About this exercise:
Print the lines in the listing below that fall between the line with "Snapshot of _SweetyAngel_" and the line with "Silla bouclé crema", those two lines included, exactly as they stand and with nothing else.

Start of Data extract

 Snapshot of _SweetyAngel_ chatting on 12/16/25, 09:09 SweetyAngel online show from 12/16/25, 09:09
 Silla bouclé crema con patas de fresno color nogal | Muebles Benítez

End of Data extract
Start of Data extract

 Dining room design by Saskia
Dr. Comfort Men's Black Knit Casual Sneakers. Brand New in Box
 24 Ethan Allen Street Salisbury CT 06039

End of Data extract
Start of Data extract

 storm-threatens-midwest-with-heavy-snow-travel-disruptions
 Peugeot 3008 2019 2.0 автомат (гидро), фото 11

End of Data extract

Problem solution:
 Snapshot of _SweetyAngel_ chatting on 12/16/25, 09:09 SweetyAngel online show from 12/16/25, 09:09
 Silla bouclé crema con patas de fresno color nogal | Muebles Benítez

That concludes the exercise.